It’s about weather you’re going to cook the cables from the inside out, or the outside in… or both, and it’s an electrician who gets to decide what is appropriate in terms of circuit design.
Thanks for taking the time to write this excellent explanation Anthony
I am convinced not to hypothetically try this now
Hi,
If the cable is not suitable for use with a 16A CB, then the person that installed it should have used a 10A breaker.
You can have a lot 10A GPOs on one circuit (10-15-20?? – I did read it somewhere), all protected with one 16A CB.
FWIW, I have disassembled both a 10A & a 15A Clipsal single GPO, and found they have the same internals, interchangeable parts, etc. Only the Earth pin slot was different. The moulding was the larger size, must have a machine the cuts it one size or the other. I checked them recently because I was interested to know if there was any physical reason for not allowing mismatched plug/socket on one lead.
b0b
I am an electrician and for the reason that 10 and 15 amp plug tops are often melted, I installed a 20 amp gpo instead of a 15 amp one. Same size 20amp MCBO protection. A 20amp australian plug top , with larger thicker pins then stuck on the nominal 16amp charger …actually pulls 14amps … without any sign of heat at the plug. You can still plug a 10amp plug into it if needed for a vaccuum or something but I have cordless for those rare occassions. Cheers
For 3-phase I would say go even heavier on the wire – 6mm2 on 3phase partially surrounded in insulation is only good for 30A, and that’s right at the thermal limits too. Even 6mm2 on single phase is only good for 35A, but that’s assuming the roof space is 40 deg C, it can get way hotter than that if there’s no anticon.
Matt,
even on my short run single phase 32A (Industrial) Socket I used 10mm cable. Considering we will be charging cars for years into the future, the extra cost of larger cable & making sure the cooling of the supply cable is considered, the extra cost over the life is really miniscule.

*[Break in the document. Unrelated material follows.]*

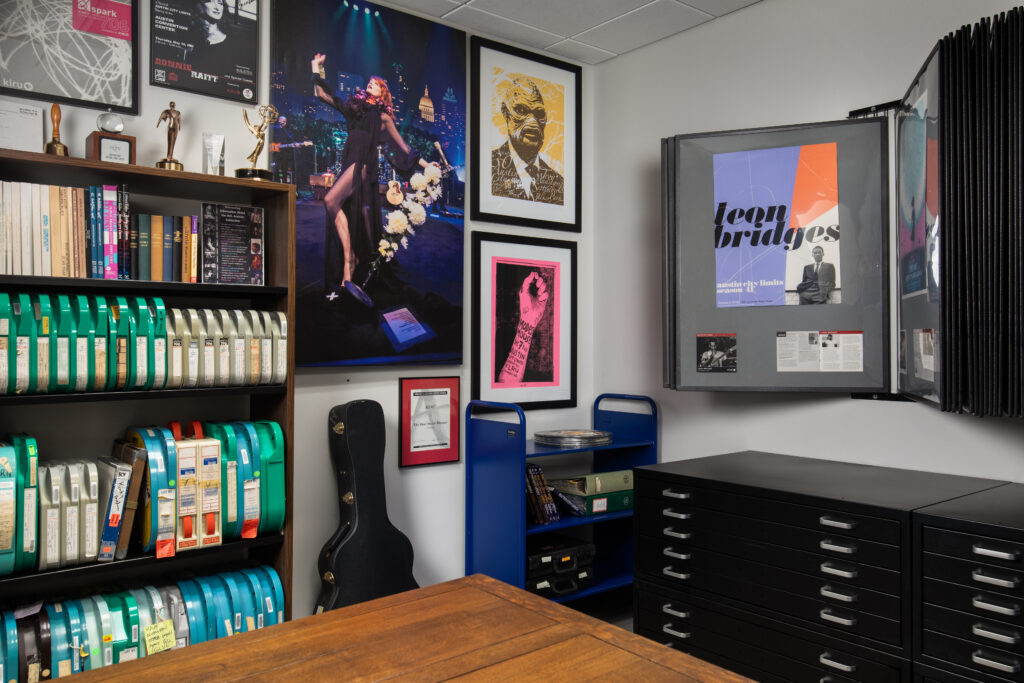The archive room at Austin PBS’s new headquarters showcases decades of broadcast history with framed images from Austin City Limits and the station’s early years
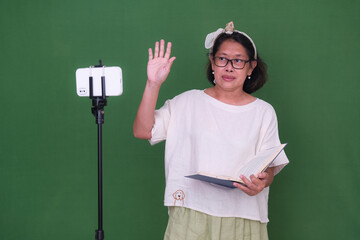 Woman standing and waving her hand in front of her gadget during an online class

I am building a secondary dwelling on my rural property. It is 70M from the main house & I have a drum of 16mm cable, so that is the (underground) submain size. I will get around the voltage drop by installing a battery to cope with peak demand. The EV will be charged by excess PV only (at the new house) & if a fast charge is required, I will use the EVSE at the farm shed (on 35mm sq mains).

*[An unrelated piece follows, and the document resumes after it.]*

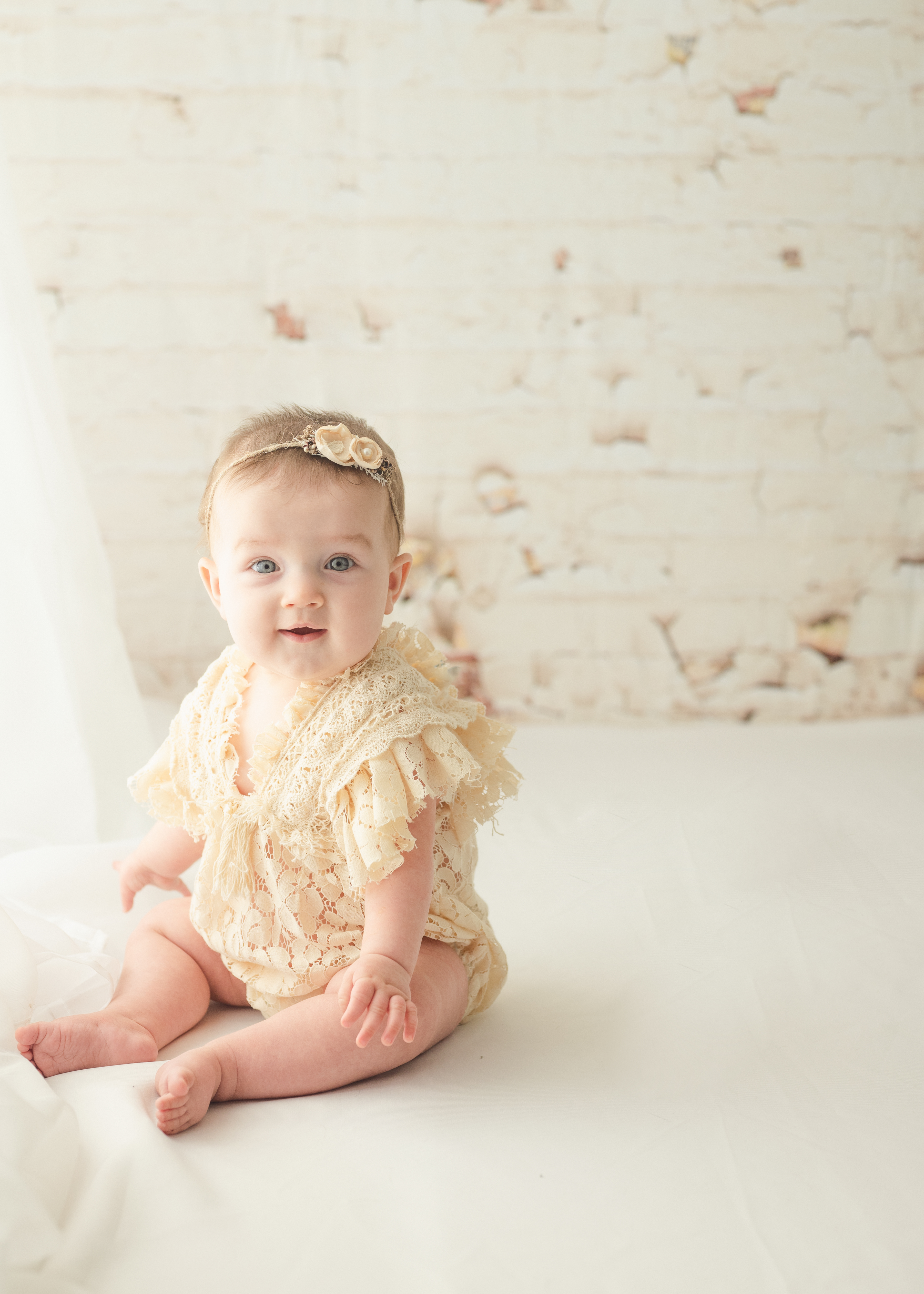 grand rapids baby photo session sitter baby girl in cream boho outfit smiling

Anyway, the reason for talking about this installation is that on any charger install, all the voltage drops (= loss of efficiency) must be considered. It is also not worth charging an EV from a home battery due to the losses. That also can shorten home battery life.

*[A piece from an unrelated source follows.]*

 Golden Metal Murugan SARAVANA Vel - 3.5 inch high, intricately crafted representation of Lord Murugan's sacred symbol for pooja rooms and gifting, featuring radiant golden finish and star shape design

So like a car, where we look at the Total cost of ownership (TCO), with our charger we also need to consider all costs, efficiencies & losses, I think this is where a Management program like Home Assistant can help. HA allows (once set up!) an overview of all the smart devices in a home, including an OCPP EV charger (or any smart charger that allows external control).
You’re right Matt,
Rules of thumb abound but 6mm² is really the minimum you want.
I find it ludicrous that Australians build houses without insulation under the roof cladding. They kind of make this cardboard house with some fluff around it, then put it all under a shed roof, then expect the ducted air conditioning (which is outside in the shed) to cope with keeping things hot or cold.
Anthony,
Would a Catchpower Relay diverter really do for an EV charger? I’ve just finished reading that they don’t like the “hard reset” of power interruption. Some time ago I also read that charging will not necessarily resume when it is reconnected. (Lack of relevant knowledge does amplify disquiet.)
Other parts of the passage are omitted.